PELO MALO (Cabelo Ruim) é o primeiro filme venezuelano lançado comercialmente no Brasil. Mesmo que não fosse por isso, justificaria todo o interesse que vem despertando desde o Festival de San Sebastián, onde ganhou o prêmio máximo. Em torno de um argumento central relativamente limitado – uma mãe desenvolve sentimento homofóbico diante do comportamento ambíguo do filho -, existe uma riqueza de observações sobre os personagens e o caldo cultural popular da Venezuela contemporânea. Enquanto a mãe, uma funcionária de segurança desempregada, tem comportamento masculinizado e moldado pela brutalidade do dia-a-dia caraquenho, o menino apresenta um misto de obsessão edipiana e confusão identitária. Sonha em ser "cantor de cabelo liso", ao passo que sua melhor amiguinha persegue a estampa das misses que continuam a povoar o imaginário do país. Ao redor deles, o caos urbano, tiroteios e o fantasma dos estupros. Enquanto isso, Chávez agoniza e desperta entre seus partidários uma onda de sacrifícios simbólicos, um dos quais consiste em raspar a cabeça pela recuperação "del presidente". Em meio à paranoia de gênero e à vulgarização dos sonhos de sucesso, o filme conta, na verdade, a história de uma sensibilidade especial que não encontra ambiente para florescer.

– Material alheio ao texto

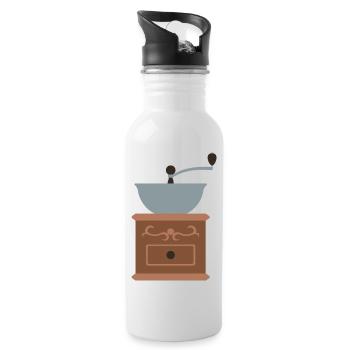 Kaffeemühle - Trinkflasche mit integriertem Trinkhalm - Weiß - Rechts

A diretora Mariana Rondón trouxe junto com o filme a tocante videoinstalação "Superbloque", em cartaz no Centro Cultural da Justiça Federal. O imenso prédio residencial visto em "Pelo Malo" estende-se num telão, filmado a certa distância. Munido de uma folha de papel que serve como tela pessoal, o visitante pode "aproximar-se" visual e auditivamente de algumas varandas. Do geral anônimo do superbloco ele passa à intimidade das células. No fundo, é a mesma operação que o filme promove à sua maneira.